[Web page caption snippets]
═══

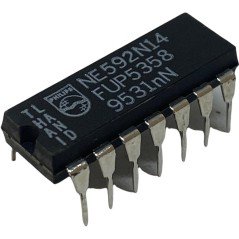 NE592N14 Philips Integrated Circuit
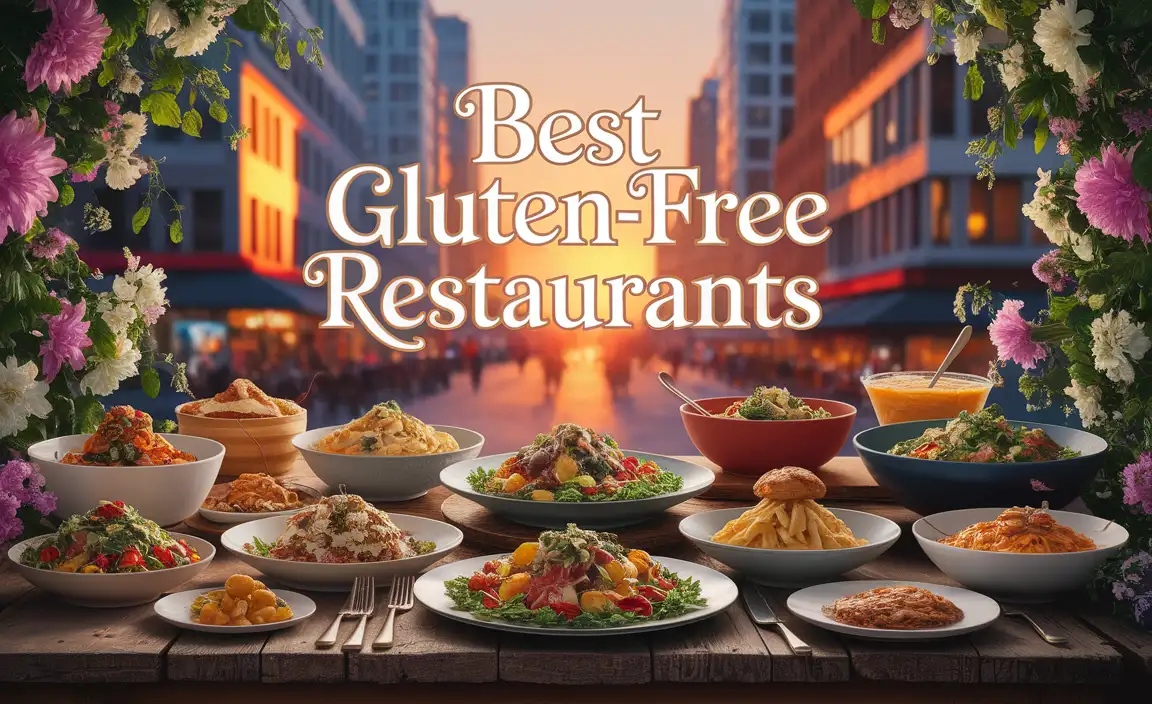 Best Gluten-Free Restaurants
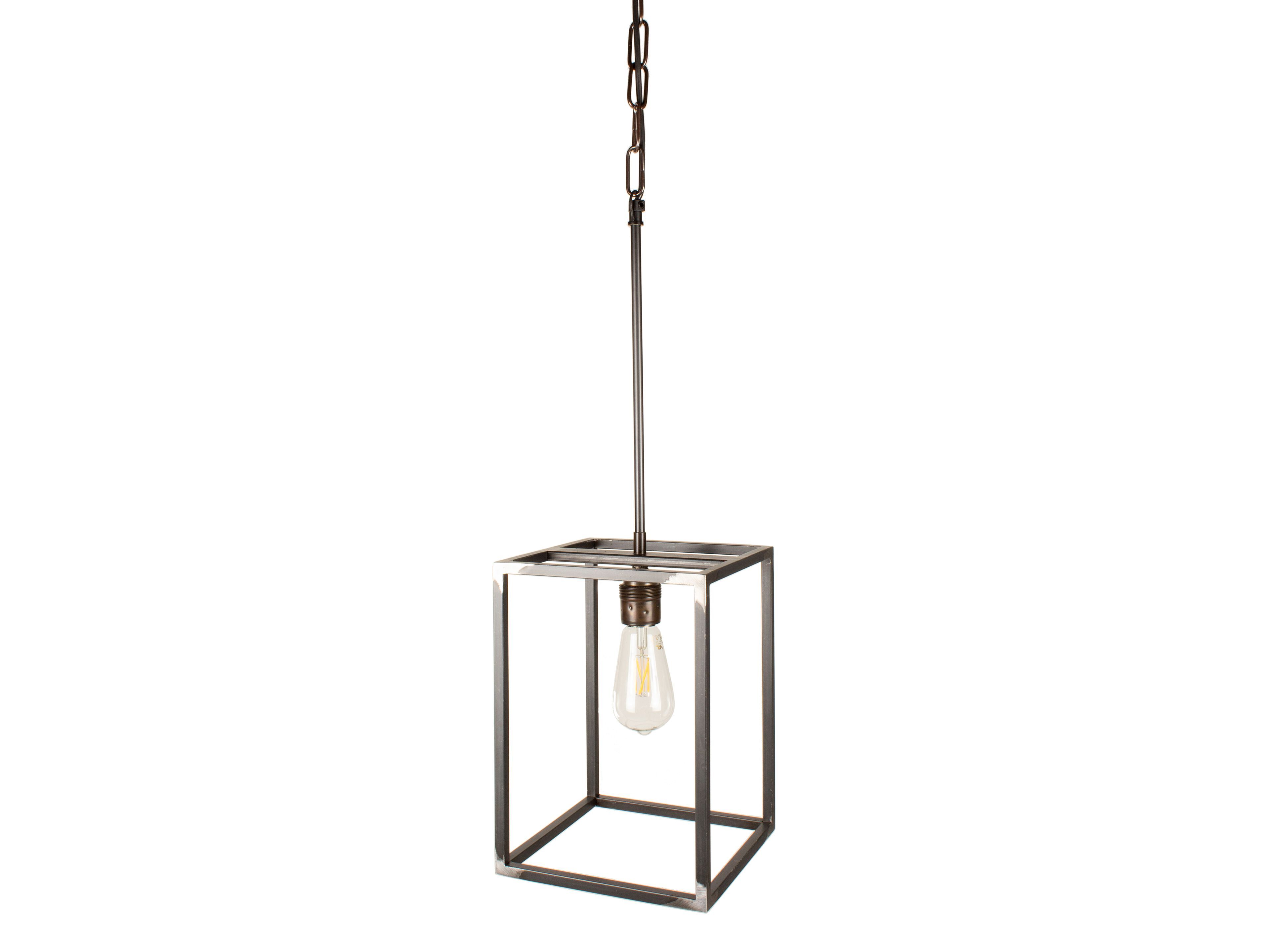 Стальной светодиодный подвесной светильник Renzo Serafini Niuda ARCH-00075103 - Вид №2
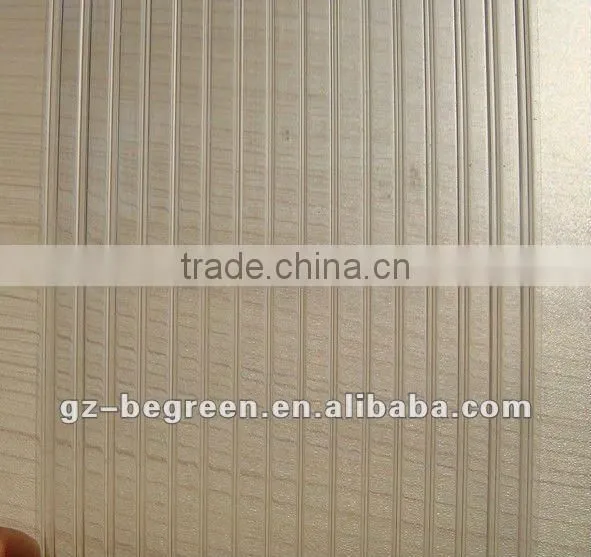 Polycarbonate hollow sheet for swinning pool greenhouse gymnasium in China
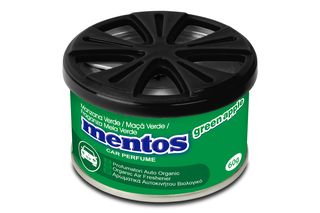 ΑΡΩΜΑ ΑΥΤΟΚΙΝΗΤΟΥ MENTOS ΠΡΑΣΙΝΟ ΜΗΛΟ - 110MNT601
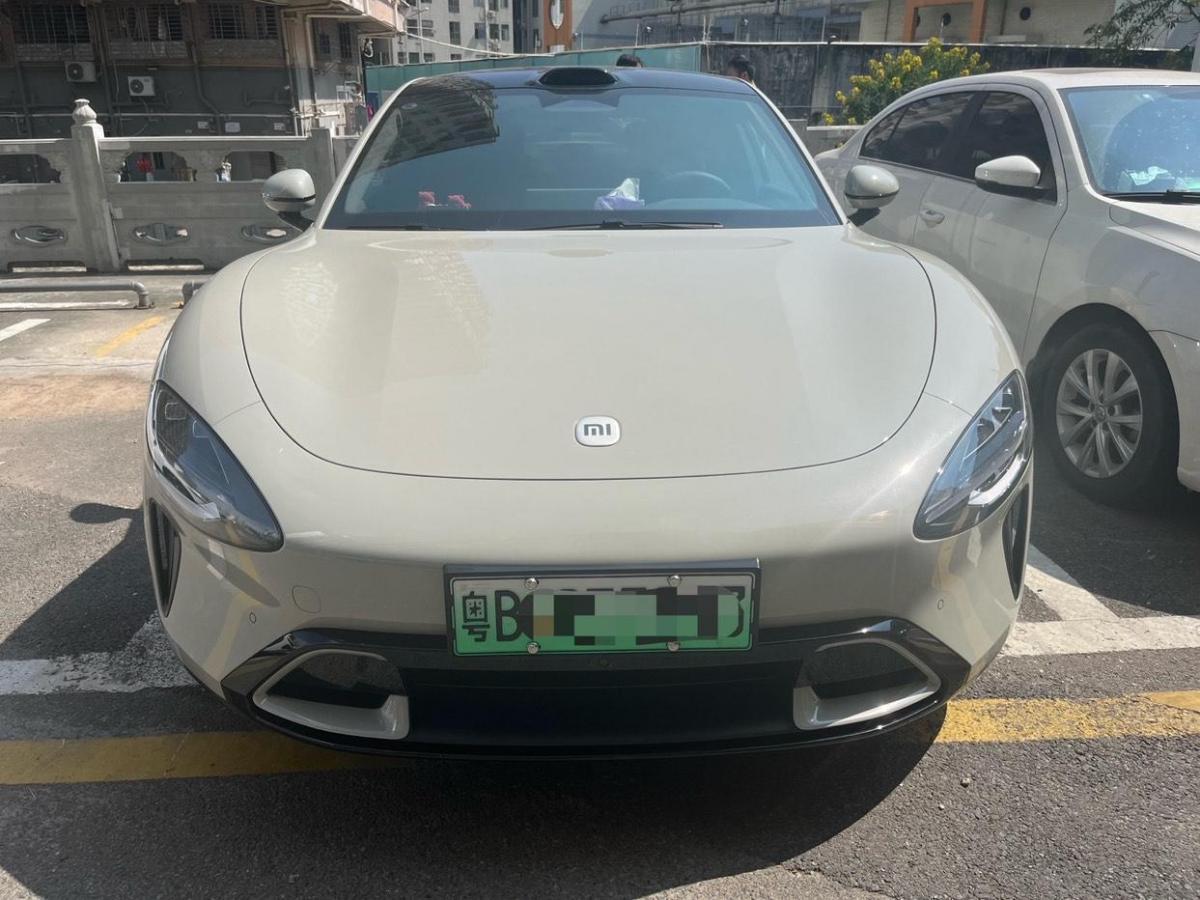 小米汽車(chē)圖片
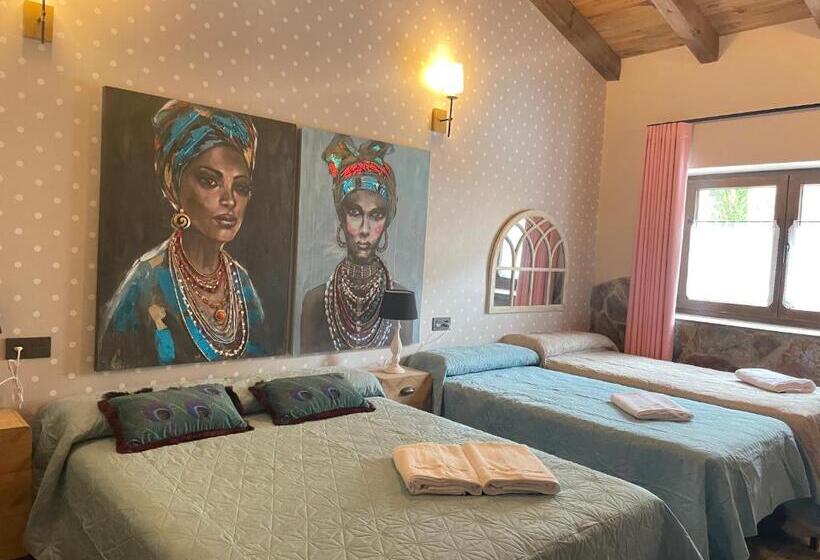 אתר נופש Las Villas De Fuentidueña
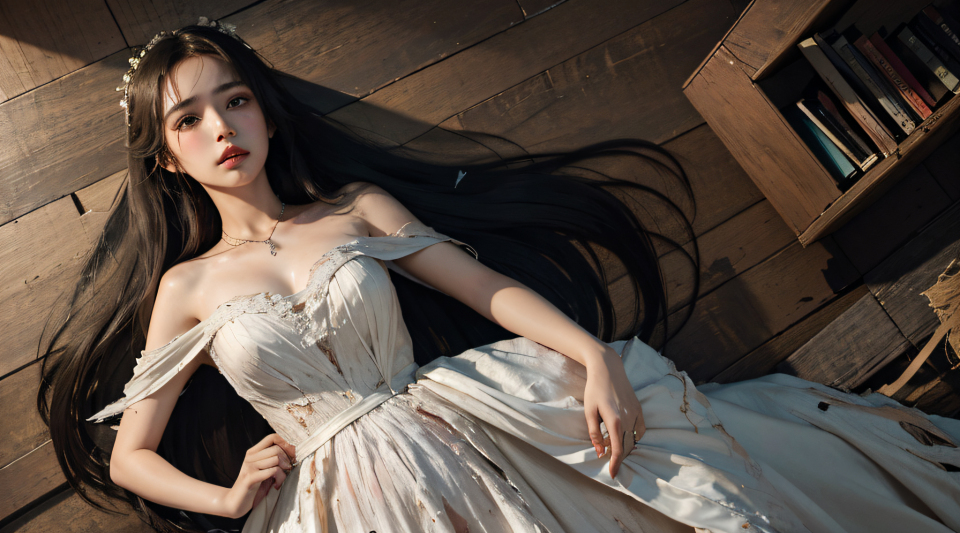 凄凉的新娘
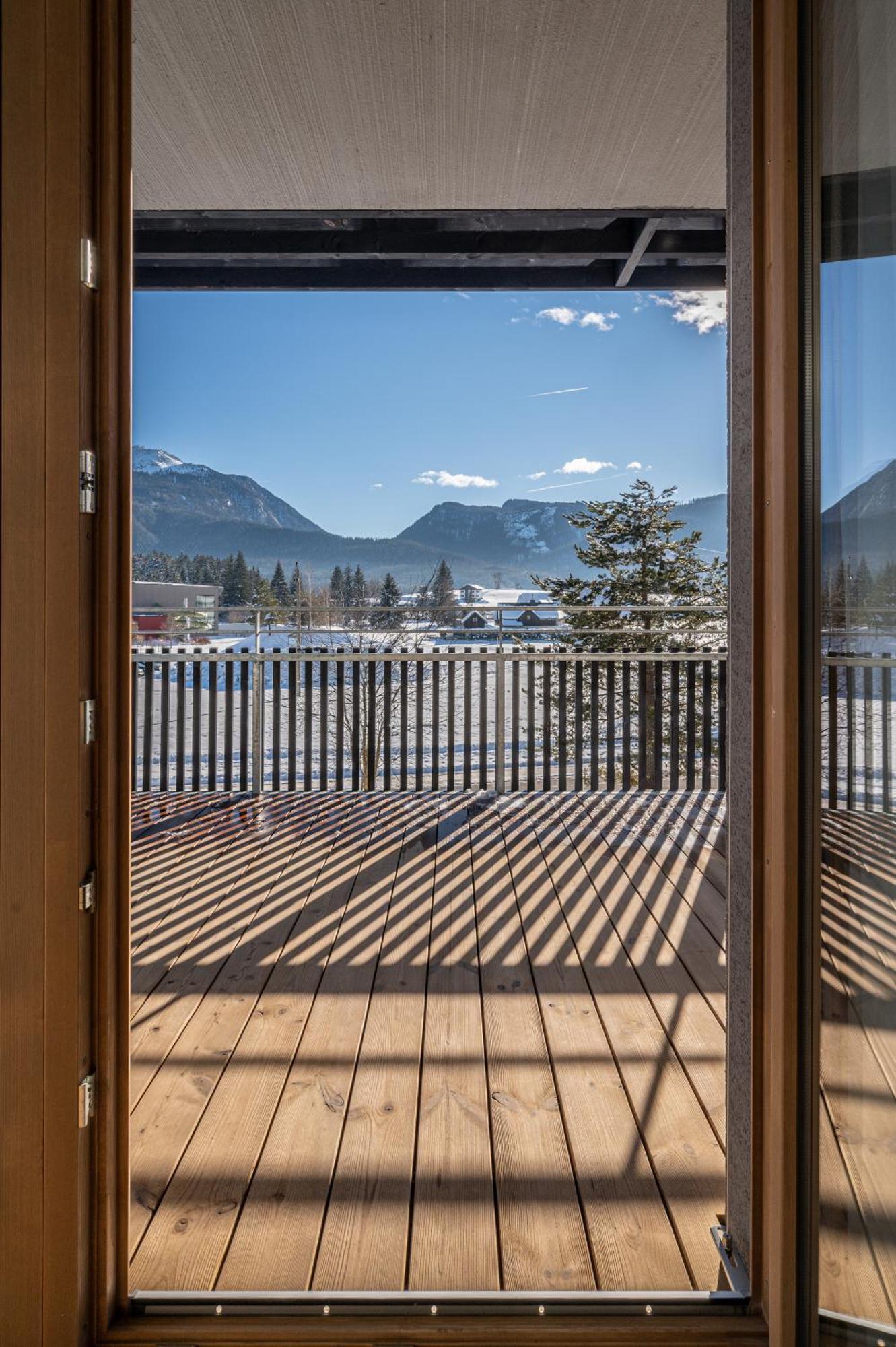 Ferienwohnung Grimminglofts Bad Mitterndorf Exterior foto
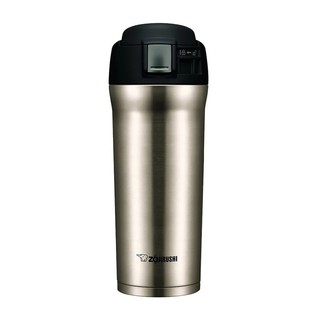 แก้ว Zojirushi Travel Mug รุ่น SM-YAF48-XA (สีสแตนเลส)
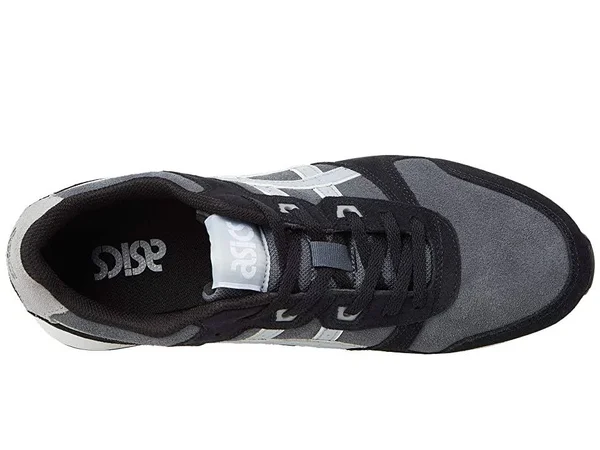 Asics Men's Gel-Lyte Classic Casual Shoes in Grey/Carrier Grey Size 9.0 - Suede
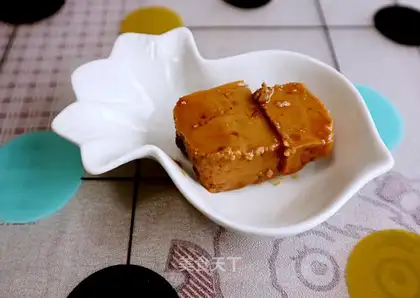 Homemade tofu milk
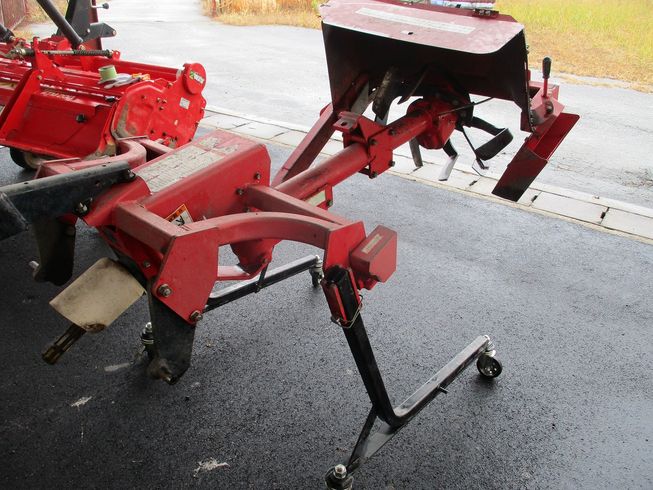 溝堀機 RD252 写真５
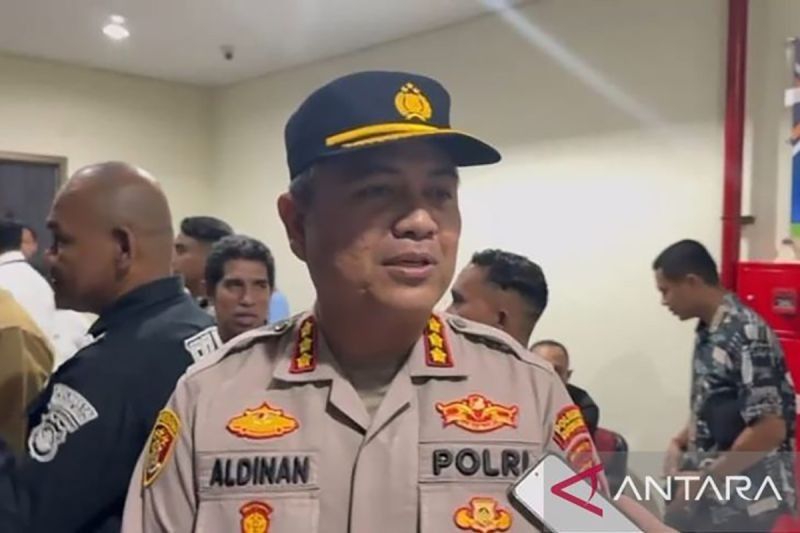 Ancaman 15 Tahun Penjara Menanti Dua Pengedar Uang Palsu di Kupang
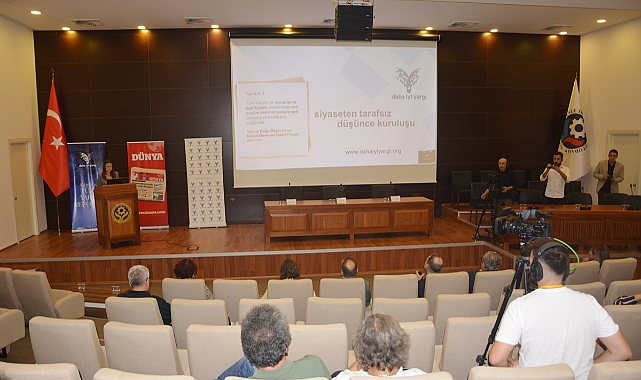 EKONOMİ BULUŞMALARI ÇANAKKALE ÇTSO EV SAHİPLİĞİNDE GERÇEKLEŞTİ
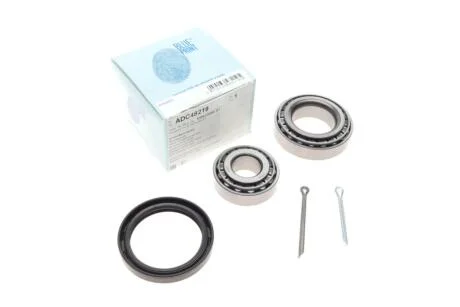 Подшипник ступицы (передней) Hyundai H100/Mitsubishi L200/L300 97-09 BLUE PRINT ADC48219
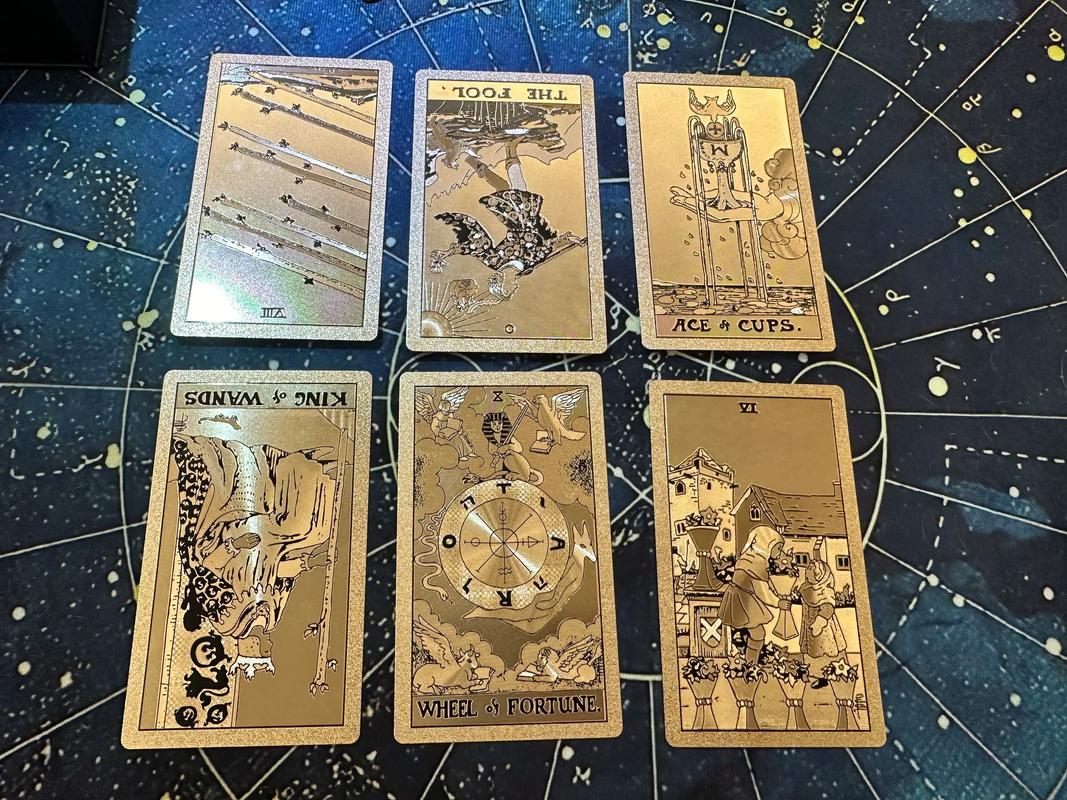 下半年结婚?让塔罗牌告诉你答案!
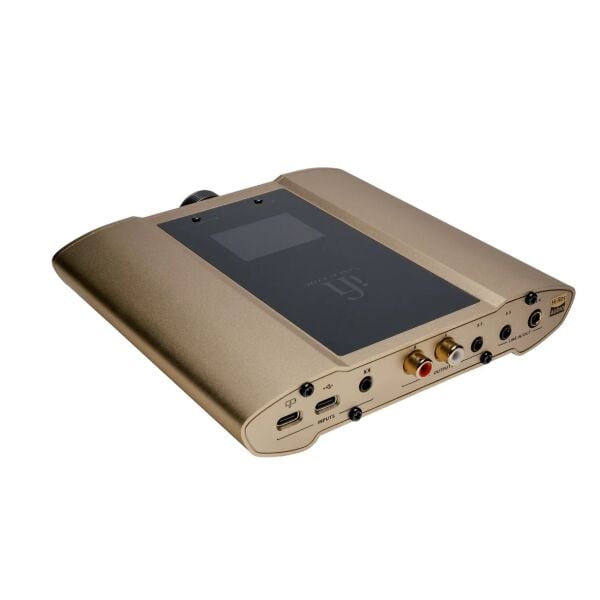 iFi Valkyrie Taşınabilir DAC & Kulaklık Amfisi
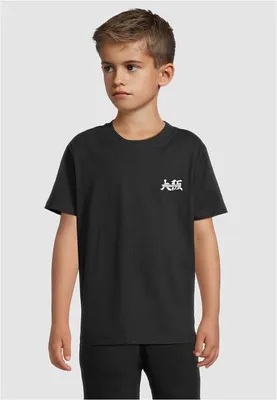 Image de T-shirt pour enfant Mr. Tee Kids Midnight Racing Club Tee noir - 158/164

═══

*Exercise:*
Print nothing but the lines above starting with the line that contains "ΑΡΩΜΑ ΑΥΤΟΚΙΝΗΤΟΥ MENTOS" and going on through the line that contains "EKONOMİ BULUŞMALARI ÇANAKKALE". Leave out the pictures.

*Answer to this problem:*
 ΑΡΩΜΑ ΑΥΤΟΚΙΝΗΤΟΥ MENTOS ΠΡΑΣΙΝΟ ΜΗΛΟ - 110MNT601
 小米汽車(chē)圖片
 אתר נופש Las Villas De Fuentidueña
 凄凉的新娘
 Ferienwohnung Grimminglofts Bad Mitterndorf Exterior foto
 แก้ว Zojirushi Travel Mug รุ่น SM-YAF48-XA (สีสแตนเลส)
 Asics Men's Gel-Lyte Classic Casual Shoes in Grey/Carrier Grey Size 9.0 - Suede
 Homemade tofu milk
 溝堀機 RD252 写真５
 Ancaman 15 Tahun Penjara Menanti Dua Pengedar Uang Palsu di Kupang
 EKONOMİ BULUŞMALARI ÇANAKKALE ÇTSO EV SAHİPLİĞİNDE GERÇEKLEŞTİ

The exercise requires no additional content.